The record may be of secondary importance but in Portugal, these things matter. Excepting the occasional flourish from Sporting, the history of Portuguese football over the last 30 years has been the history of the rivalry between Benfica and Porto, in which head-to-head encounters assume massive importance and memories of symbolic successes are savoured for years.
Porto's 2010-11 league title triumph under André Villas-Boas was rich in symbolism. Not only did they finish the season unbeaten — the first team to do since Benfica (of course) in 1973 — but they secured the title with a 2-1 victory at Estádio da Luz, the home of their rivals. The locals' disinclination to join in with the title festivities was made plain when the lights in the stadium were abruptly cut and the sprinklers turned on while Porto's players were in mid-celebration.
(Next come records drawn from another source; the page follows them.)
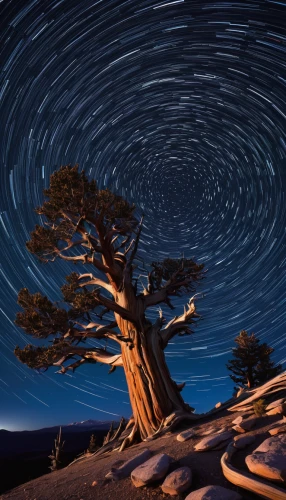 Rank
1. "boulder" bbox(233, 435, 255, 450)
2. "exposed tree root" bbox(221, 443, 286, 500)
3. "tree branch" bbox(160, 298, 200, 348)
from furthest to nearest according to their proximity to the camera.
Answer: "tree branch" bbox(160, 298, 200, 348) → "boulder" bbox(233, 435, 255, 450) → "exposed tree root" bbox(221, 443, 286, 500)

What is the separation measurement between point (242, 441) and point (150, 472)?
1730 mm

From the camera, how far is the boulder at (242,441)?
486cm

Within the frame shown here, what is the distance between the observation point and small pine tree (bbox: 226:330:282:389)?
20.9 metres

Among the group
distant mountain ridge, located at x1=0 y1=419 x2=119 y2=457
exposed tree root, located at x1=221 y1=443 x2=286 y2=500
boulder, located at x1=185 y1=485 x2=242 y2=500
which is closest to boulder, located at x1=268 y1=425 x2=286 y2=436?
exposed tree root, located at x1=221 y1=443 x2=286 y2=500

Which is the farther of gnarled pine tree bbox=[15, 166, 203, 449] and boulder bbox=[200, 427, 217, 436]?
gnarled pine tree bbox=[15, 166, 203, 449]

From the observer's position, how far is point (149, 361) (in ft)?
33.1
Revenge has been a while in coming, but for the first time since that day in April last year, the balance of power feels like it has shifted back to the red corner of Lisbon. Benfica are unbeaten, have dropped just six points all season, and Saturday's 2-1 win at Feirense was their seventh successive victory. The next Clássico, at Estádio da Luz on March 4, is likely to prove decisive.
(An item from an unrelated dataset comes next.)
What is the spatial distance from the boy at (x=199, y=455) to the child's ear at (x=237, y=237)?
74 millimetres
Compounding Porto's dejection is their bitterness over some of the key incidents in the defeat at Gil Vicente. The hosts were leading 1-0 through a looping header from centre-back Cláudio when Porto defender Nicolás Otamendi was adjudged to have handled the ball inside his own penalty area shortly before the interval, despite an apparent offside in the build-up.
Cláudio dispatched the ensuing spot-kick and, after Porto had seen two penalty appeals of their own waved away by referee Bruno Paixão, Barcelos native André Cunha twisted Rolando inside-out before planting the ball in the bottom-left corner to put Gil Vicente 3-0 ahead. Silvestre Varela pulled a goal back for Porto in the 77th minute with a fine left-footed effort but the visitors could not engineer a late comeback and coach Vitor Pereira was left to spit feathers over what he branded "shameful" officiating and a "listless" first-half performance from his side. "We didn't show the desire of a team that wants to win the title," he said.
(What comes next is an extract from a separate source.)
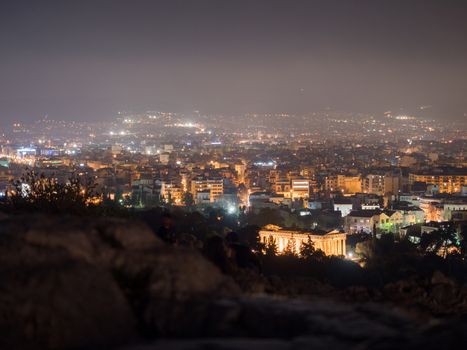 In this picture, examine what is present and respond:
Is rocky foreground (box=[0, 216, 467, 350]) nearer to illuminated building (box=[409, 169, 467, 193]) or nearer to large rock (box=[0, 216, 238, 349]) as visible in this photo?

Frustratingly for Pereira, Porto had appeared to be on an upward dynamic after producing one of their most convincing performances of the season to date in a 3-1 win at home to Vítor Guimarães in their previous game. Their next three matches are against sides currently residing in the bottom four — União Leiria, Vítoria Setúbal and Feirense — but there can be little doubt that their entire season will hinge on that trip to Lisbon in just over a month's time.
Last season's top scorer, Hulk, will have returned from a thigh injury by then and the Brazilian could find himself reunited with former team-mate Lucho González, who is poised to return to the club from Marseille in a swap deal involving Varela. Pereira can also now call upon the services of 20-year-old Brazilian right-back Danilo — the heir apparent to Maicon and Dani Alves in the national side — after he arrived from Santos.
There is clearly sufficient quality in Porto's squad to sustain hope of a late-season comeback, but with Benfica in such a rich vein of form and Pereira still to convince his critics — not to mention the distraction of a forthcoming Europa League tie with Manchester City — any more slip-ups could prove fatal.